By processing a sequence both ways, a bidirectional RNN can catch patterns that
may be overlooked by a unidirectional RNN. Remarkably, the fact that the RNN layers have processed sequences in chronological order (older timesteps first) may have been an arbitrary decision. At least, it’s a decision we made no attempt to question so far. 

Could the RNNs have performed
well enough if they processed input sequences in antichronological order, for instance
(newer timesteps first)? Let’s try this in practice and see what happens. 

All we need to do is write a variant of the data generator where the input sequences are reverted along the time dimension (replace the last line with `yield samples[:, ::-1, :], targets`).
Training the same one-GRU-layer network that we used earlier, we get the results shown in figure below.

![image.png](attachment:image.png)

The **reversed-order GRU** strongly underperforms even the common-sense baseline,
indicating that in this case, chronological processing is important to the success of our
approach. 

This makes perfect sense: 
* The underlying GRU layer will typically be better at
remembering the recent past than the distant past, and naturally the more recent
weather data points are more predictive than older data points for the problem (that’s
what makes the common-sense baseline fairly strong). 

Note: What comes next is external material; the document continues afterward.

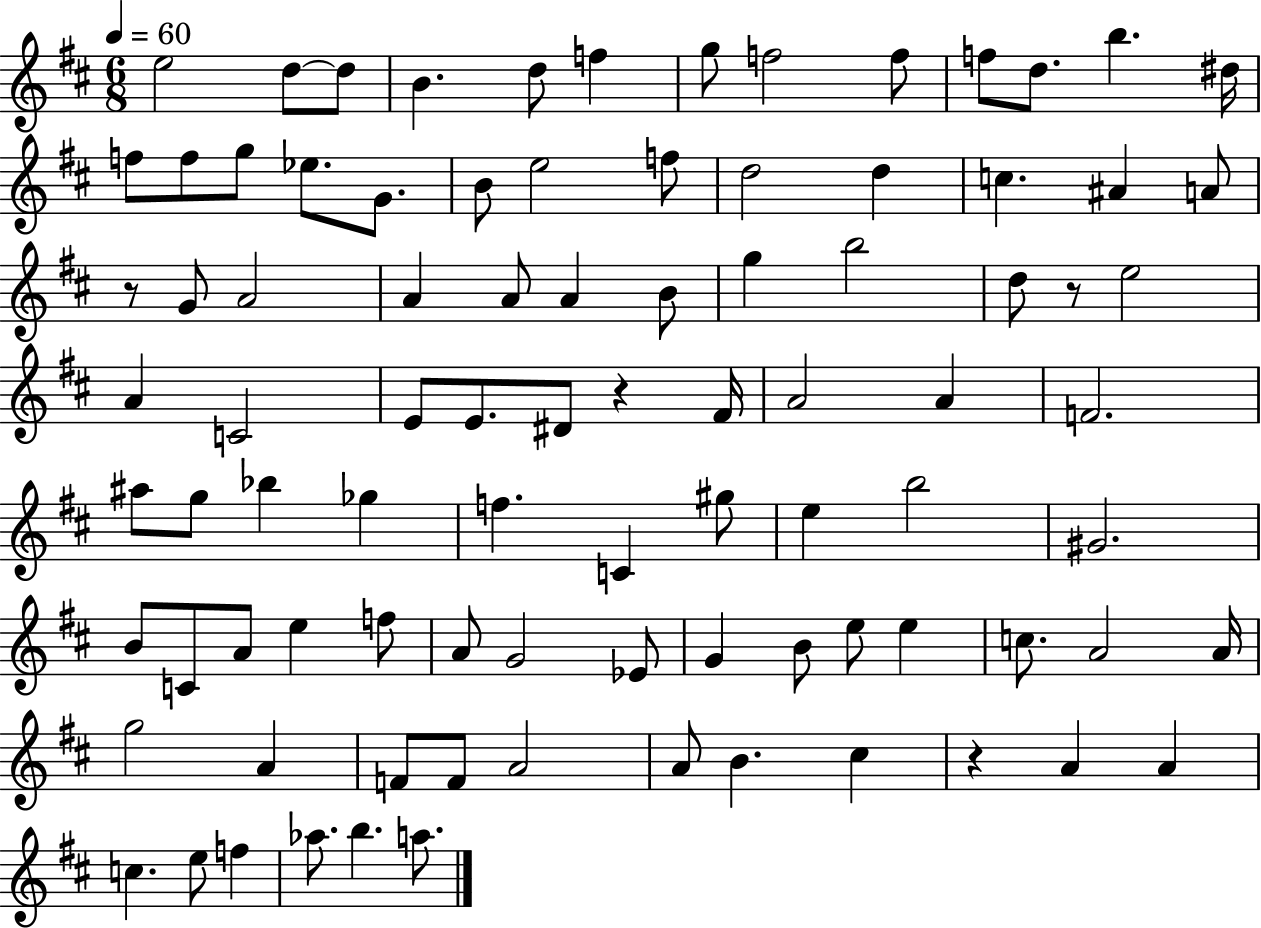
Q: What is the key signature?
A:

Thus the chronological version of the layer is bound to outperform the reversed-order version. Importantly, this isn’t true for many other problems, including natural language: intuitively, the importance of a word in understanding a sentence isn’t usually dependent on its position in the sentence. Let’s try the same trick on the LSTM IMDB.

In [25]:
# Training and evaluating an LSTM using reversed sequences

from tensorflow.keras.datasets import imdb
from tensorflow.keras.preprocessing import sequence
from tensorflow.keras import layers
from tensorflow.keras.models import Sequential

In [26]:
max_features = 10000 # Number of words to consider as features
maxlen = 500 # Cuts off texts after this number of words (among the max_features most common words)

In [27]:
(x_train, y_train), (x_test, y_test) = imdb.load_data(num_words=max_features)

In [4]:
# Reverses sequences

x_train = [x[::-1] for x in x_train]
x_test = [x[::-1] for x in x_test]

In [5]:
# Pads sequences
x_train = sequence.pad_sequences(x_train, maxlen=maxlen)
x_test = sequence.pad_sequences(x_test, maxlen=maxlen)

In [7]:
model = Sequential()
model.add(layers.Embedding(max_features, 128))
model.add(layers.LSTM(32))
model.add(layers.Dense(1, activation='sigmoid'))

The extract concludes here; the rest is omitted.